No reivindico mítines de guante blanco filosóficos y etéreos. Pero entre eso y limitarse a descalificar a gritos a los demás, enfatizar obviedades o buscar votos aludiendo al tamaño de los genitales, que es lo que hemos tenido otra vez, hay demasiada distancia.

Esas formas han sido menos graves que el fondo de muchos mensajes. En este país la especialidad electoral es, más que ensalzar y exagerar lo propio, engañar sobre los contrincantes, para que si son idóneos no lo parezca. No se suele criticar a los demás por lo que hacen o defienden, aunque pueda ser discutible, sino atribuyéndoles ideas o características falsas.

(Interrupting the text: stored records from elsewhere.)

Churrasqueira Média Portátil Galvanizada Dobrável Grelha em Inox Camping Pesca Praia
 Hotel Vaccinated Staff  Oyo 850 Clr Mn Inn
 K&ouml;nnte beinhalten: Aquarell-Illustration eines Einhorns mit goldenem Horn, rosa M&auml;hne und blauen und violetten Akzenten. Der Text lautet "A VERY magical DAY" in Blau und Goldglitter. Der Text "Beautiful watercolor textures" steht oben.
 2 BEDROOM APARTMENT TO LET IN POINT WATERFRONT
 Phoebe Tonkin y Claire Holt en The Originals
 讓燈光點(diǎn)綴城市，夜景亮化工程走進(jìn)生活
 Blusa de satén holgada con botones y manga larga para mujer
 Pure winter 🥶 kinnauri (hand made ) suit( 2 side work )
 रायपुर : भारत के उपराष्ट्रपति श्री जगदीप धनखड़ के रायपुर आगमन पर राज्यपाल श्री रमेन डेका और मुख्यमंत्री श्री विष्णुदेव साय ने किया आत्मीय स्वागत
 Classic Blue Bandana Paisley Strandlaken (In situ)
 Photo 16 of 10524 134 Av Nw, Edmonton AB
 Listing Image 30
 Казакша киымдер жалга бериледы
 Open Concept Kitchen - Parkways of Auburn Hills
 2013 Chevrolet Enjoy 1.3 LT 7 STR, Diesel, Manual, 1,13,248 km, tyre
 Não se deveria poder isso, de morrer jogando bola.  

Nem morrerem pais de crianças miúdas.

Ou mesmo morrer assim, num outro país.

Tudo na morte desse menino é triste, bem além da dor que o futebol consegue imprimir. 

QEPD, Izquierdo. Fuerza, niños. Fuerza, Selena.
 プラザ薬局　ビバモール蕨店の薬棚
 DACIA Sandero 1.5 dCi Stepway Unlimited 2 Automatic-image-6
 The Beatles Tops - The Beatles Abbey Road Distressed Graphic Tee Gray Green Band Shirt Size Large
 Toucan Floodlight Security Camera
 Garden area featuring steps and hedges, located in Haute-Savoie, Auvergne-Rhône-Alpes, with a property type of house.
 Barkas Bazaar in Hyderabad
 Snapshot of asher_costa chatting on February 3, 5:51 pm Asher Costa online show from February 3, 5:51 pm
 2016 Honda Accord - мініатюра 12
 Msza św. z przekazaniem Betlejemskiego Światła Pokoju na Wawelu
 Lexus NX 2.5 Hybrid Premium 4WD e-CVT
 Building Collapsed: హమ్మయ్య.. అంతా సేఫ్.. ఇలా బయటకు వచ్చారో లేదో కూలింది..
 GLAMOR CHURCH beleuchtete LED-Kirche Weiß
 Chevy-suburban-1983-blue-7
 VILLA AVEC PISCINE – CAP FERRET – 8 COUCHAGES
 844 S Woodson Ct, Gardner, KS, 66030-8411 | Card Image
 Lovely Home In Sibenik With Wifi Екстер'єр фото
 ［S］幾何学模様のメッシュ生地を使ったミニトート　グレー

Es una manipulación que erosiona la confianza popular en la política, porque niega evidencias que forman parte de nuestra convivencia. También es tramposa la repetición de supuestos principios generales falsos hasta convertirlos en referencias de la cultura política popular. Un repaso a algunos ejemplos de estas mentiras y manipulaciones --algunos, muy antiguos-- reflejan el enfermizo ánimo manipulador que nos rodea. En el fondo, las alianzas posteriores a las elecciones son antidemocráticas. Esta criminalización de lo que es habitual en los demás países cuando nadie consigue mayoría absoluta, está tan asentada que desde la muerte de Franco todavía no hemos tenido en la Moncloa ningún gobierno de coalición. Eso empuja a España hacia unos gobiernos con un poder muy absoluto (un posible tic de reminiscencia franquista), o gobiernos débiles en el Parlamento (necesitados de pactar con alguien cada ley, con la lectura maliciosa consiguiente de que eso comporta mercadeos intolerables). Los partidos minoritarios molestan y son ideológicamente peligrosos. Cuando se acercan elecciones, la derecha trata a Izquierda Unida e Iniciativa (ICV-EUiA) como si mantuviesen las posiciones del comunismo antidemocrático de la etapa estalinista. Su amplia gestión a escala local desde la transición, impecable en casi todos los casos, queda ninguneada por advertencias genéricas a que como se sabe, hay que ir con cuidado con ellos. Esquerra Republicana recibe una consideración parecida.

Asimismo, los partidos regionalistas sufren ese mismo trato desde buena parte de las esferas del poder político y mediático central, en lo que es un reflejo más de lo muy poco en serio que se toma ahora allí el modelo del Estado de las autonomías.

Los partidos políticos que aceptan pluralidad interna son poco de fiar. Los socialistas españoles viven atrapados por una pinza de opinión diabólica. Cuando actúan con cohesión a escala estatal, las demás formaciones acusan a su aparato central de despótico y a las ramas territoriales de traidoras a los intereses de sus respectivas comunidades autónomas. Y cuando expresan posturas matizadamente diferenciadas, cae sobre la formación el estigma de inconsistencia y falta de seriedad. En esta apreciación pesa también mucho la inercia que aún tiene, desde la dictadura, la valoración de que la uniformidad es positiva.

Mas allá de estas tres doctrinas, los políticos en campaña han frivolizado sobre otras cuestiones serias. Que si caerán las pensiones si ganan los adversarios, que si quienes estaban contra la guerra son cobardes y antipatriotas, que si los de determinados colores son cómplices de quienes desean la desmembración de España...

Y luego, cuando las urnas queden atrás, esos políticos querrán que quienes hemos recibido sus mensajes cainitas creando recelo hacia quienes votan diferente a nosotros, convivamos tranquilos y confiados.